4. Anchor with a free-zone licence. Combine support with a free-zone licence sized to the activity — DMCC for commodities and general tech, IFZA for cost-efficient services, DIFC for regulated finance in Dubai, ADGM for regulated finance in Abu Dhabi, or RAKEZ for Northern-Emirates budget setups. The free-zone choice usually drives which emirate programme is open.

5. Layer ICV and B2G access once revenue is real. Once the company has staff, a track record, and a B2G appetite, get an ICV certificate via a MoIAT-approved auditor and apply through Dubai SME's procurement programme or the Smart Mart route. A year-two move, not a launch step.

Frequently Asked Questions

What government support exists for UAE startups?

A layered stack: federal (NextGen FDI, MBRIF, ICV, Make it in the Emirates), Dubai (Dubai Startup Hub and Smart Mart, Dubai Future Accelerators, DIFC Innovation Hub and FinTech Hive, Dubai SME), Abu Dhabi (Hub71 Access, ADIO under Ghadan 21, Khalifa Fund, Mubadala-linked equity), and Sharjah and Northern-Emirates (Sheraa, SRTIP, RAKEZ Compass). They differ on stage, sector, and whether they offer cash, in-kind subsidy, or procurement access.

Is Hub71 free?

Hub71 does not take equity. The Access Programme provides a subsidy package — housing, office, and health insurance — reported at around AED 200,000 or more per startup over two years. Selected startups still cover salaries, product, and capital. Equity capital, when raised, comes from partner funds rather than Hub71 itself.

How do I apply to Hub71?

Applications run through hub71.com on rolling cohort cycles. Successful applicants typically have a functional product or prototype, early commercial signal, and a credible founding team — Hub71 is not an idea-stage programme. Fit with one of the Hub71+ verticals (AI, digital assets, generalist) and the quality of the pitch deck matter most.

What is NextGen FDI?

A Ministry of Economy initiative launched in March 2022 to attract digital-economy companies to the UAE. It bundles fast-track licensing, residency for founders and core staff, and corporate banking introductions. Best suited to established tech firms moving regional or global headquarters.

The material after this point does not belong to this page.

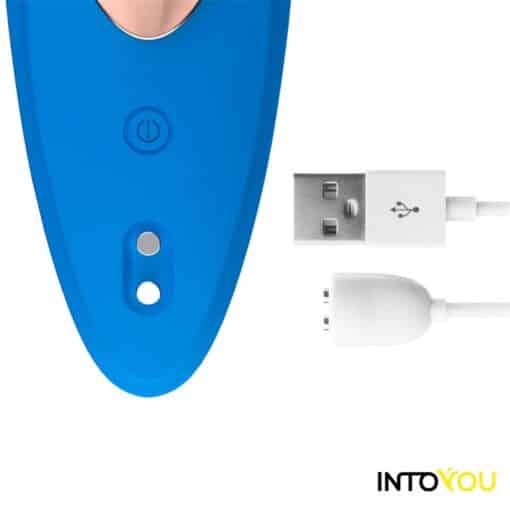 App Series - Silicone Panty Vibrator Blue - Image 2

Does the UAE offer founder visas?

Yes — four routes: the 10-year Golden Visa for qualifying founders and investors, the 5-year Green Visa for self-sponsored skilled professionals, the Investor Visa sponsored by a founder's UAE company at incorporation, and accelerator-issued Entrepreneur Visas through programmes like Hub71. Most founders start on an Investor Visa and migrate to Golden Visa once they meet the threshold.

What is the difference between Hub71 and DIFC Innovation Hub?

Hub71 is Abu Dhabi's tech accelerator emphasising subsidised soft-landing, parallel verticals in AI and digital assets, and ADGM regulatory adjacency. DIFC Innovation Hub is Dubai's fintech-and-innovation ecosystem inside DIFC, emphasising discounted licensing, regulator-engaged accelerators (FinTech Hive with the DFSA), and bank and insurer pilot access. Regulated finance leans DIFC; AI and frontier tech lean Hub71.

Are there subsidies for AI startups specifically?

Yes. Hub71+ AI, run with G42 and Microsoft, is the most direct AI-specific track. DIFC Innovation Hub runs AI-focused initiatives in Dubai, and MBRIF has funded AI-led ventures. The core advantage is concentration of capital, talent, and infrastructure rather than a separate cash line. See the UAE AI Ecosystem guide.

What is Sheraa?

The Sharjah Entrepreneurship Center, launched in 2016, is Sharjah's government-backed innovation hub. It runs tracks for idea- and growth-stage founders, deploys seed funding directly, and has supported 300+ startups with AED 27 million-plus committed. A natural choice for cost-sensitive early-stage founders without a Dubai or Abu Dhabi cost base.

Can foreign founders apply for UAE government grants?

Most accelerator-style programmes — Hub71, DFA, DIFC FinTech Hive, Sheraa — are open to foreign founders, often explicitly so. Some cash-grant and loan programmes — Khalifa Fund's UAE-national tracks, Dubai SME's MBR-SME schemes — are restricted to Emirati entrepreneurs. ICV certification, NextGen FDI, MBRIF, and ADIO grants are open to non-UAE founders subject to programme criteria.